Things you don't think about

Wednesday, June 15, 2011
While rambling around the web looking for something else entirely, I stumbled upon the article  The Unsung Heroes of Biscuit Embossing at the website Edible Geography. The article starts with this:
Interestingly, when the Oreo was first introduced by Nabisco in 1912, it used a much more organic wreath for its emboss, later augmented with two pairs of turtledoves in a 1924 redesign. The contemporary Oreo stamp was introduced in 1952, and it has remained unchanged, and, in the words of Pulitzer Prize-winning architecture critic Paul Goldberger, “the stuff of legend,” ever since.

Writing in 1986, to mark the cookie’s seventy-fifth birthday, Goldberger declared that the Oreo “stands as the archetype of its kind, a reminder that cookies are designed as consciously as buildings, and sometimes better.” Comparing the Oreo to its less successful competitor, the Hydrox, Goldberger notes:

Still, it is the Oreo that has become the icon. And after all, it is the more American-looking of the two — its even pattern, however dowdy, has an industrial, stamped-out quality. It might be said to combine homelike decoration with an American love of machine imagery, and in that combination lies a triumph of design.
It first discusses the evolution of the emboss on Oreo cookies, who may have designed it and what it may symbolize. From there it branches into a discussion of the history of embosses on biscuits and the practical reasons for some of the features of an emboss, and eventually the technology and machinery created to mass produce biscuits.

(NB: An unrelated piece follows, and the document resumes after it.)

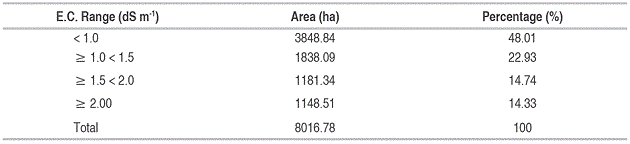 E.C. Ranges for DRACH soils.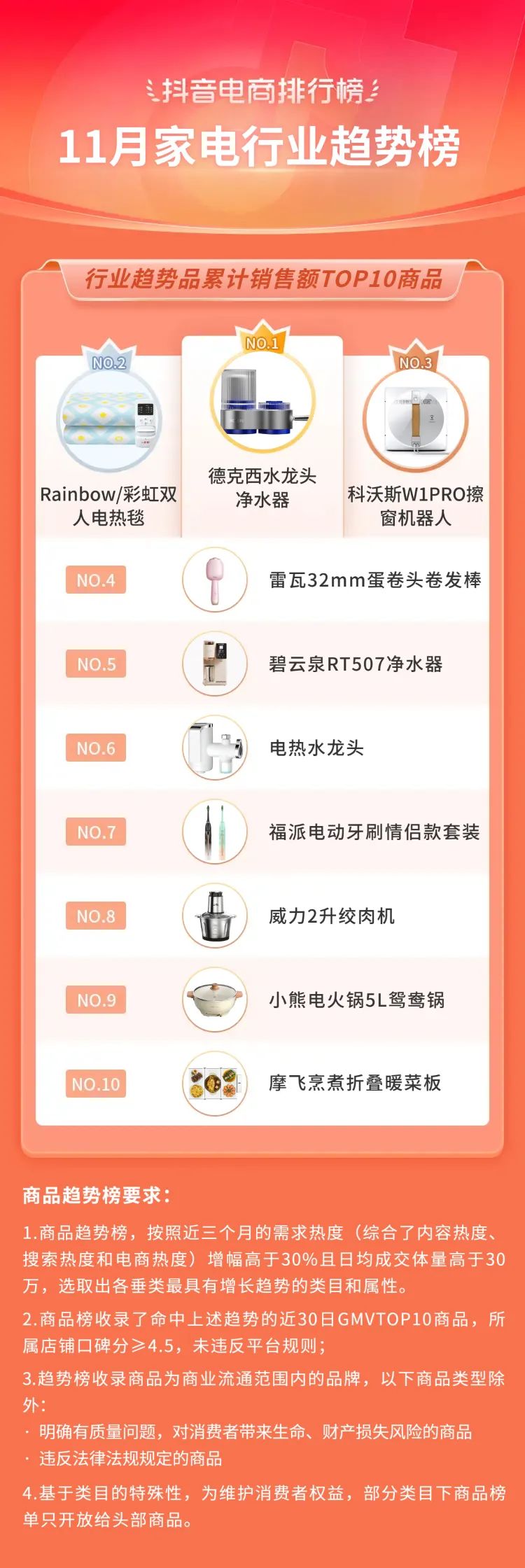 抖音电商年度10大关键词,2020抖音电商总结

I had never given any thought to the patterns backed into an Oreo cookie. They were just there.

Although it sounds silly in context, the sentence fragment "cookies are designed as consciously as buildings" makes an interesting point. You can say the same thing about virtually any manufactured item. A coin from you pocket, the cup you drink your coffee from, the tile on your floor -- each is a thing you give no thought to, yet the details of them are considerable. As an example, here's the Wikipedia page about the common nail.

If you narrow your focus enough, and concentrate on just a mundane slice of the big picture, it is always amazing how thought through the details are, and how many experts there must be out there. Experts at little and sometimes obscure chunks of knowledge. Things we don't think about.  From time to time, the little things are worth looking at, worth turning over in your hand and carefully considering it, just to remind yourself of that fact.